Il latte materno è l’alimento raccomandato dall’Organizzazione mondiale della sanità (OMS) nei primi mesi di vita del neonato. È ricco di anticorpi ed enzimi, contiene tutti gli elementi nutritivi di cui necessità il bebè e lo protegge da infezioni e malattie.

In alcuni casi, la mamma non può allattare direttamente il bambino. Considerati i vantaggi e l’importanza del latte materno, si rende utile conservarlo al fine di continuare a nutrire il neonato senza problemi.

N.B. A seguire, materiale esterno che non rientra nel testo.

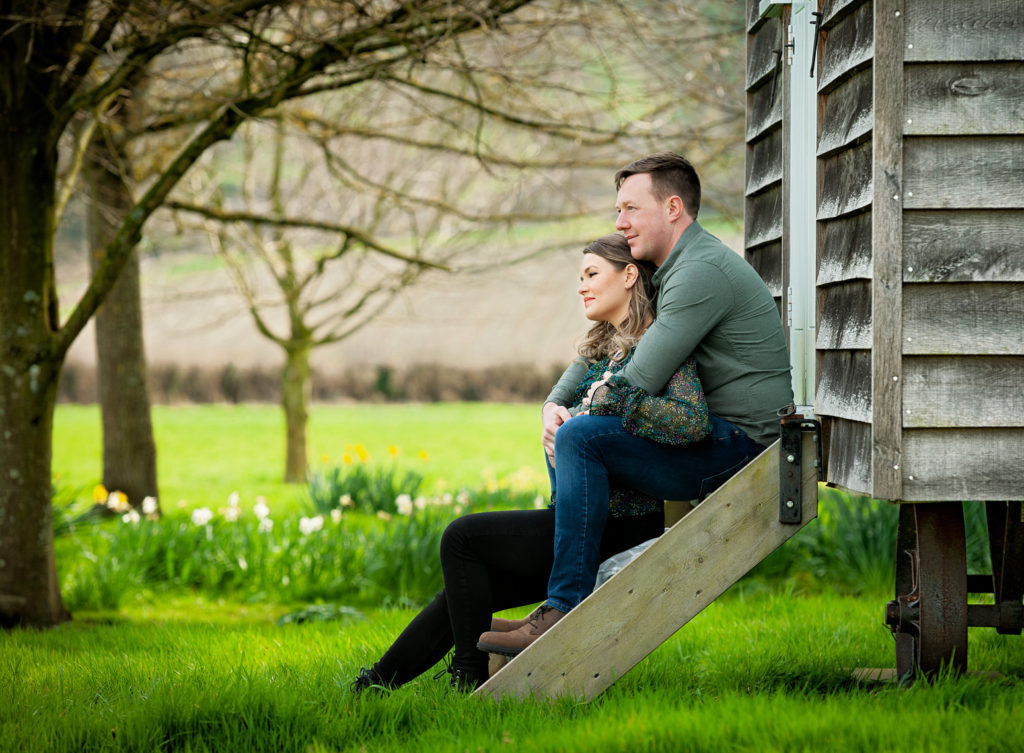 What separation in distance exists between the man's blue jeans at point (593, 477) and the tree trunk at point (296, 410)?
9.63 meters

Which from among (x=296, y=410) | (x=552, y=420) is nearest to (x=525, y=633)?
(x=552, y=420)

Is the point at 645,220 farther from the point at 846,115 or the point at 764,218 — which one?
the point at 764,218

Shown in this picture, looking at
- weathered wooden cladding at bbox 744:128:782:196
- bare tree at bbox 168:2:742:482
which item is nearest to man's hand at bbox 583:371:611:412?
weathered wooden cladding at bbox 744:128:782:196

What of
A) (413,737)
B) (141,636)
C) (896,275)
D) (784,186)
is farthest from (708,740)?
(141,636)

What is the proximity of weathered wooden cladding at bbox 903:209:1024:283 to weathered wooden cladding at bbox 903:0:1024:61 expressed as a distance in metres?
0.44

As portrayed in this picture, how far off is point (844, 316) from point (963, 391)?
0.43 meters

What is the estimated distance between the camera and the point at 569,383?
12.0 feet

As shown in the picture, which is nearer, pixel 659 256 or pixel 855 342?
pixel 855 342

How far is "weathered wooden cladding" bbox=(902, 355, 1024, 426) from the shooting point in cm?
295

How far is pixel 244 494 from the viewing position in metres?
12.2

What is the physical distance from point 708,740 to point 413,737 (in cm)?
85

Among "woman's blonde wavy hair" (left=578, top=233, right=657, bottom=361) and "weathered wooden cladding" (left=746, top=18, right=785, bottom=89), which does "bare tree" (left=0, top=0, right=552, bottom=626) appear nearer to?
"weathered wooden cladding" (left=746, top=18, right=785, bottom=89)

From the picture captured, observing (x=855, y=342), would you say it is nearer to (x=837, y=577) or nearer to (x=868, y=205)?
(x=868, y=205)

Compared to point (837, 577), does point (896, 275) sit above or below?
above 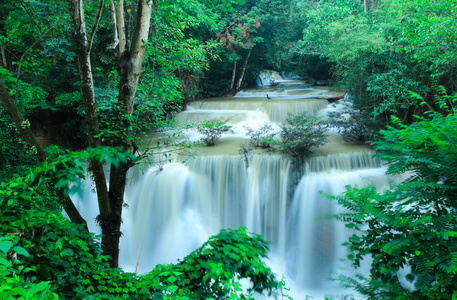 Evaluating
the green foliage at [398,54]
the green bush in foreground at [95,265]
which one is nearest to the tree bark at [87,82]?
the green bush in foreground at [95,265]

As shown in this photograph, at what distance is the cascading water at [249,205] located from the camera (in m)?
7.77

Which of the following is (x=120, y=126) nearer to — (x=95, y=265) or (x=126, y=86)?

Per raccogliere e conservare il latte materno è necessario seguire alcune indicazioni che permetteranno di lasciare inalterate le proprietà uniche di questo alimento:

  • prelevare il latte da conservare con la stessa frequenza con cui si allatterebbe normalmente, vale a dire circa otto volte al giorno per una durata media di quindici minuti
  • lavarsi accuratamente le mani con sapone prima della raccolta
  • sterilizzare i contenitori con un apposito sterilizzatore. In commercio è possibile trovare anche sacchetti di plastica usa e getta, che presentano però maggiori rischi di rottura. Se si opta per questa soluzione è preferibile utilizzarli doppi, uno dentro l’altro
  • ogni recipiente deve contenere esclusivamente il latte di ogni singola raccolta e dovrebbe essere etichettato con data e ora, al fine di utilizzare sempre la porzione più vecchia. Non è possibile mischiare il latte di più contenitori
  • al momento dell’uso, il latte del contenitore che non viene impiegato non può essere conservato per un successivo utilizzo, ma deve essere gettato
  • è consigliabile raccogliere circa 100 ml di latte. A tal riguardo, si suggerisce di consultare il pediatra che potrà fornire informazioni più precise in base alla corporatura e al peso del bebè
  • il latte mantenuto a temperatura ambiente (25°C) può essere utilizzato per circa quattro ore in inverno; in estate è raccomandato l’utilizzo entro 30 minuti dopo la raccolta
  • il latte conservato in una borsa termica può essere utilizzato fino a ventiquattro ore
  • il latte refrigerato a 4°C può essere conservato fino a due giorni in caso di bambini pretermine, altrimenti è possibile utilizzarlo fino a cinque giorni
  • in caso di latte congelato, i tempi di conservazione variano a seconda del tempo di congelatore e della temperatura del freezer. Nello specifico, il latte conservato a -15°C può durare fino a due settimane; quello conservato a -18°C fino a sei mesi mentre il latte congelato a -20°C può essere utilizzato fino a 12 mesi. È bene ricordarsi di non riempire completamente il contenitore, dal momento che il latte congelato tende ad aumentare di volume. È importante che il latte congelato vada spostato nel frigorifero la notte precedente all’uso, dove può rimanere fino a ventiquattro ore.
  • non utilizzare mai microonde o fuoco diretto per riscaldare il latte, che in quel caso potrebbe perdere le sue proprietà nutritive e alterarsi. Per portarlo a temperatura ambiente, si può porre il contenitore a bagnomaria.